Intended for healthcare professionals

Views & Reviews Between the Lines

Memories of lunar caustic

BMJ 2011; 342 doi: https://doi.org/10.1136/bmj.d2533 (Published 27 April 2011) Cite this as: BMJ 2011;342:d2533
  1. Theodore Dalrymple, writer and retired doctor

As every doctor knows, it is one thing to dry out an alcoholic and quite another to get him to stop drinking afterwards. Maybe it isn’t even the doctor’s role to do so: after all, are they their patients’ keepers?

In any case, some alcoholics have so destroyed their lives, and for so long, that they might as well go on. What will they do if they give up drinking? Malcolm Lowry (1909-57), author of Under the Volcano, seemed not to fall into this lamentable category. Strikingly good looking, he was only 47 when he died, a talented and famous author, and might have written many more books.

On the other hand, heavy drinking seems to have been so large a part of his experience of life that he had almost nothing else to write about. He started drinking when he was 14, and never gave up for long.
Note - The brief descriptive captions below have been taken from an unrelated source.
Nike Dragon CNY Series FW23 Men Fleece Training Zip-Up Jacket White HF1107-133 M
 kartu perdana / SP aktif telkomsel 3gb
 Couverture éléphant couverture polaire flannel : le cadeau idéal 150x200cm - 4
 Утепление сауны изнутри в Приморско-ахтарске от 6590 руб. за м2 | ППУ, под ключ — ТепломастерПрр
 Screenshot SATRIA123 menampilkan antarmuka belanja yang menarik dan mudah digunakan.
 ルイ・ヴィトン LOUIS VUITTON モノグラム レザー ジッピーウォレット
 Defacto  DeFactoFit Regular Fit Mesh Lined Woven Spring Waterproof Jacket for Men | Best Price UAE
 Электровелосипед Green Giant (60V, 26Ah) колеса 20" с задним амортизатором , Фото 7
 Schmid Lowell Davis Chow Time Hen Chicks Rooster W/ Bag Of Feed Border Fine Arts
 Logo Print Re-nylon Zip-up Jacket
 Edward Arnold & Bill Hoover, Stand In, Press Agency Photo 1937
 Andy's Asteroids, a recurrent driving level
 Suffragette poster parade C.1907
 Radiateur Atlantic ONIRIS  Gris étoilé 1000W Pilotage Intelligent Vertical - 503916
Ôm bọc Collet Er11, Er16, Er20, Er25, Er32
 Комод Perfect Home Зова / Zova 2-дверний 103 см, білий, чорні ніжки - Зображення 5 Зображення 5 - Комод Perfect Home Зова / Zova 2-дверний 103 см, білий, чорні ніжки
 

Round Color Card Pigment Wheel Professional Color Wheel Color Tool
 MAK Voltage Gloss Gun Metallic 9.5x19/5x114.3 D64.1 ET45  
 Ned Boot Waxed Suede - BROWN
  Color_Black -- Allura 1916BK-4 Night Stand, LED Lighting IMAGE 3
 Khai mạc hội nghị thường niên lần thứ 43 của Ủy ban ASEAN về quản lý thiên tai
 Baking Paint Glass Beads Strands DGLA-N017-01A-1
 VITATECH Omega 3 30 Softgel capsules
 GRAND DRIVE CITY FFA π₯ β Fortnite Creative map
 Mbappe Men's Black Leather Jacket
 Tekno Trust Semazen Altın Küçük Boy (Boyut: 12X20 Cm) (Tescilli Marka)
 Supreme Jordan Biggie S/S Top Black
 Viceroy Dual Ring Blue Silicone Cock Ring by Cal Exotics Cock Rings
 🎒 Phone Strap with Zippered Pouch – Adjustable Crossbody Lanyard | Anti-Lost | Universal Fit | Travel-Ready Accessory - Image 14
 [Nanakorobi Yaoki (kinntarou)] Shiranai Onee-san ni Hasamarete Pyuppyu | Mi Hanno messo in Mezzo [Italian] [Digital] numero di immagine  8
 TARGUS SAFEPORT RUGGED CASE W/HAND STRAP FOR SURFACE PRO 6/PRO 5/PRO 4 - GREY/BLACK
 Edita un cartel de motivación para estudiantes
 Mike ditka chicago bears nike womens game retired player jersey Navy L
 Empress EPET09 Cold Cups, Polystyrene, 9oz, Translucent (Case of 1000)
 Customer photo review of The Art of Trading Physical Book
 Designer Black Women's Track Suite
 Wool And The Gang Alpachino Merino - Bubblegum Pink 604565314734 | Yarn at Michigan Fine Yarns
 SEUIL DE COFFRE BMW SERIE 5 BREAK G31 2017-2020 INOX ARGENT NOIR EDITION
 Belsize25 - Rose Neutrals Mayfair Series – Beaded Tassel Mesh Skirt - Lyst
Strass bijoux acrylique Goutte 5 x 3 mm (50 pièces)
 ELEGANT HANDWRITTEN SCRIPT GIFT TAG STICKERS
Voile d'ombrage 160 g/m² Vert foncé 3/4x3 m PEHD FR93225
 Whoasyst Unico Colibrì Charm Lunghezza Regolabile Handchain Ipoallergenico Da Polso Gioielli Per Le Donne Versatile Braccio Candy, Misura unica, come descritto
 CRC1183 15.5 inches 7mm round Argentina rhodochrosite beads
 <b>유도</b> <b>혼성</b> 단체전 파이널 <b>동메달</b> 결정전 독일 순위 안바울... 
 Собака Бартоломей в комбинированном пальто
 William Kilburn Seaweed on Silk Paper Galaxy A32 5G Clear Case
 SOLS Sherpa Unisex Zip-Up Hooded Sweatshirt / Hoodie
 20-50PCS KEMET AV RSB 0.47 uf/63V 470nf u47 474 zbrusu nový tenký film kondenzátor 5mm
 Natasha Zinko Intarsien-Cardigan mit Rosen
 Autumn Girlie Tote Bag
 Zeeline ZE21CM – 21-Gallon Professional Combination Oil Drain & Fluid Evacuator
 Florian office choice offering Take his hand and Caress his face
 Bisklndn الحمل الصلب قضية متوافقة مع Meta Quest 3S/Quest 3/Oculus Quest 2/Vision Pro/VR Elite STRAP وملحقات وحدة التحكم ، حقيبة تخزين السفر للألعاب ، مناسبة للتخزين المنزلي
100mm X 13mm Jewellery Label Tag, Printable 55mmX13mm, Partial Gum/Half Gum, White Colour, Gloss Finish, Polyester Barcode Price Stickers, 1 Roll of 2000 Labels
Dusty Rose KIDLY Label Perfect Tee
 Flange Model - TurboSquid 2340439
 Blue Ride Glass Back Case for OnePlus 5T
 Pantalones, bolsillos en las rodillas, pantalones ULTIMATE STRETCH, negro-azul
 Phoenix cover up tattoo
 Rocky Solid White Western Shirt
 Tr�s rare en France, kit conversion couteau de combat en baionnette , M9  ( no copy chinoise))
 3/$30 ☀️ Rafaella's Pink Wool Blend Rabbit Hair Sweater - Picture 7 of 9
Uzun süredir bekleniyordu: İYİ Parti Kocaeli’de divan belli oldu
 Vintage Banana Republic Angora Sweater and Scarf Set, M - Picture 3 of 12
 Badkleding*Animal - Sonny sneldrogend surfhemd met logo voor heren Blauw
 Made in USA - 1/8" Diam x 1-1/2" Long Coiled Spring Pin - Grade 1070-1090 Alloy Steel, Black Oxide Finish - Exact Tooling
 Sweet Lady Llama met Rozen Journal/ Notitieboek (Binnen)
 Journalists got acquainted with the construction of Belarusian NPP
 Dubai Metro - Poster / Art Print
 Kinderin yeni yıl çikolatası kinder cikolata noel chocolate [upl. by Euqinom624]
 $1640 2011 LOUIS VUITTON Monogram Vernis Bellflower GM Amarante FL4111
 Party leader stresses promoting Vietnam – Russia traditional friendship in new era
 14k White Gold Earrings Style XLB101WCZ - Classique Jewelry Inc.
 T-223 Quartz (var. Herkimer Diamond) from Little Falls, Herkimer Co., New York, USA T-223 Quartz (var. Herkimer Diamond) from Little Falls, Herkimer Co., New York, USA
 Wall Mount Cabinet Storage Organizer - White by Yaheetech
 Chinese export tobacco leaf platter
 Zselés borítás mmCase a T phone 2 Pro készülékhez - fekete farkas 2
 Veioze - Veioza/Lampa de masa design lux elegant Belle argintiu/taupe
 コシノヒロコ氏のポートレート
He died having taken too many sleeping pills as well as drink, though whether deliberately or by accident no one knows for certain.

His novella, Lunar Caustic, was first published posthumously in 1963, but he had started writing it in 1937. It recounts his time in Bellevue Hospital in New York, to which he was admitted in 1936, probably in a state of delirium tremens. “Lunar caustic” is another name for silver nitrate used as a cautery or antiseptic; I remember using it early in my career in an attempt to stop persistent epistaxis. Was it his memory of his time in hospital or his alcoholism that he was trying to cauterise with it?

Lowry admitted himself to Bellevue voluntarily, his ward companions being a Jewish refugee and an innocent seeming adolescent boy who had cut the throat of a little girl with a broken bottle. “Gee, it was only a little scratch,” he said when asked why he had done it. No reason is forthcoming. I have known more than a few patients who broke their lover’s jaw or skull with “just a slap.”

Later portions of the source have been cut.